What advice would you give your 22-year-old, fresh-out-of-college-self?
I wish I didn’t feel ashamed about going home and living with my parents. I studied abroad in Copenhagen and I loved it and decided I need to go back. When I was graduating, I was waiting to hear back from a program in Copenhagen. When they told me they were going to push back their decision, I was like, I’m going to wait through the summer to see if I’m going to get this job. I wanted it so badly and was pretty confident that I would at least be in the running. With that, I decided to sell all my stuff in New Orleans and move back to Palo Alto to live with my mom.
It was kind of like, ah, that’s not what you’re supposed to do. I should be moving to a new city and I should have my own apartment and I should have a group of gal pals. But that wasn’t the case and I was very self conscious of that because I thought that I was going to graduate from college and move to New York or move to Austin, something like that and it wasn’t happening because of a choice that I made- it weighed on me.
I lived at home for eight months before I moved to New York and without those eight months I would not have had the savings to go on Remote Year.
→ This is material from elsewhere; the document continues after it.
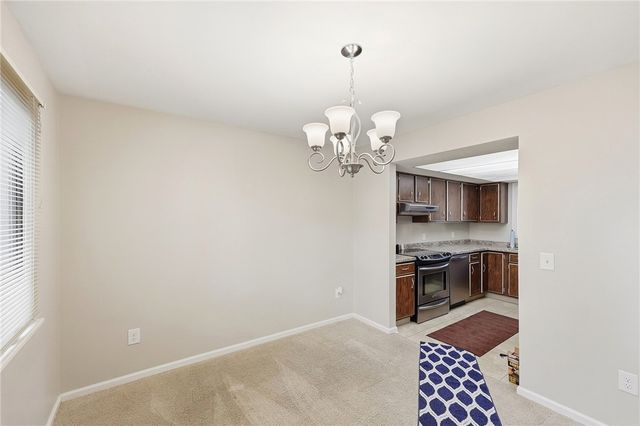 6852 Olde Greenbrier Lane, Centerville, OH 45459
So it all played out and no one cared that I was living at home. No one judged me. I was the only person judging myself. And I had a blast! I’m really grateful for that period and I wish I didn’t have such a stigma about that decision.
How do you want this year to affect the rest of your life?
I think I want to keep a very open mindset, in terms of first impressions of people and getting to know people, but also in terms of just saying yes.
I also just hope that it sets the tone for the rest of my life, I want to adventure as much as I can, but I don’t want it to mean that I can’t work or advance my career or meet interesting people and grow my network. I don’t want those things to be mutually exclusive.
So I just want to live the rest of my life as if I was on Remote Year, essentially. For me, I don’t want this to be just a year. There are a couple people on the program who are just taking a break from their life, they are doing this for a year and then they’re going to move back to whatever city they’re from and just resume normal life. Whereas, I never really put my roots down anywhere in the States and I don’t know if I ever will until I’m ready for that. I hope that I continue to build on this dream of working and traveling because it’s been a dream of mine for a while, but I never knew how to make it a reality and now that I have, I don’t want to let that go.